I haven't really handled gaming issues much Liam, but this does seem like a DirectX error. The "unhandled exception" part simply means that it is a "fatal" error. Here, something it is looking for is missing.

Howabout making sure you have the latest version? >>

http://www.microsoft.com/games/en-US/aboutgfw/Pages/directx10.aspx


----------



## liam251 (Sep 7, 2007)

I have downloaded and installed the latest directx, and it has made an impact in getting rid of the "unhandled exception", but I still have one more error which i have forgot to mention earlier. its shown in the image above.


----------



## liam251 (Sep 7, 2007)

Just in case you can't see the image.
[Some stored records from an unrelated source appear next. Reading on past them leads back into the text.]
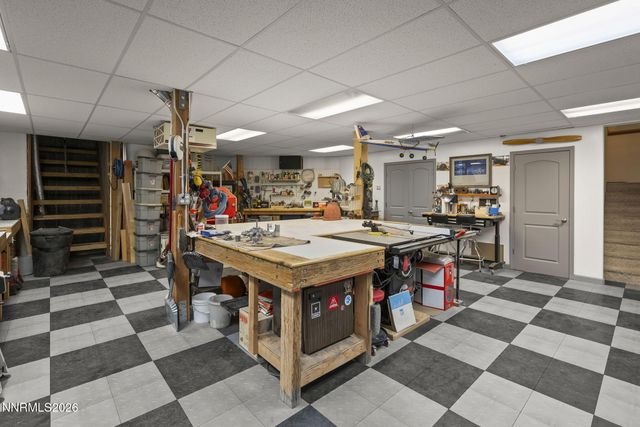 60 Yellow Pine Circle, Reno, NV 89511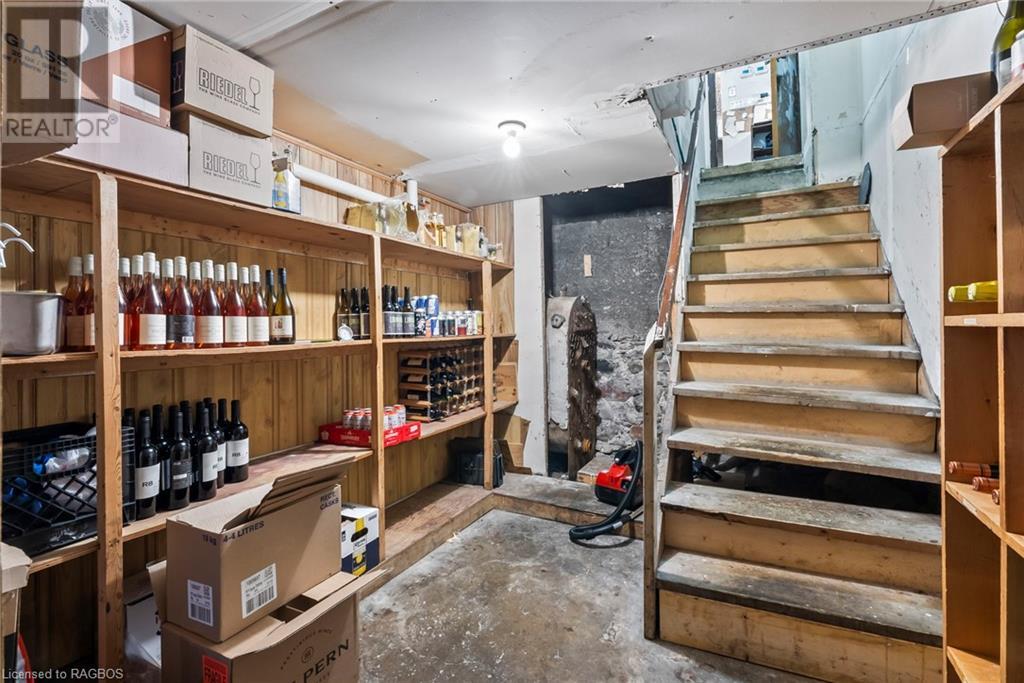 166 High Street W, Southampton, Ontario  N0H 2L0 - Photo 38 - 40604948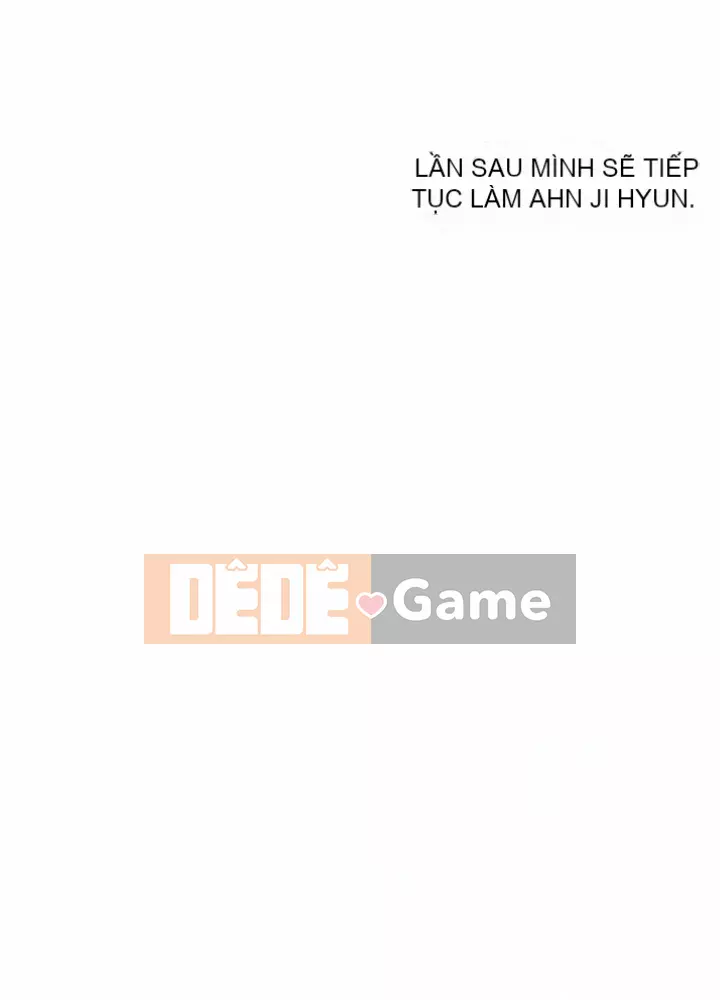 Nữ trợ giảng Chương 1-53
It says that "an error has occurred in the script on this page" then after that there is a microsoft windows message saying "launcher.exe has stopped working" the error type is mentioned as a "syntax error"


----------



## liam251 (Sep 7, 2007)

here is the script error
> line: 9
> char:1
> error: syntax error
> code:0
> url: http://204.155.67.203/med2/M2TWLauncher/launcher.php 
language=english

can anyone help me with this problem?


----------



## Rollin' Rog (Dec 9, 2000)

Liam, did you ever resolve this?

Didn't mean to ignore you, but I don't subscribe to threads and don't check the Gaming forum.

I normally just bookmark threads out of my usual trees, but forgot about it 

Scripting errors can often be ignored and are not necessarily a problem with your installation.

However that might refer to your sound drivers which could also bear reinstalling.


----------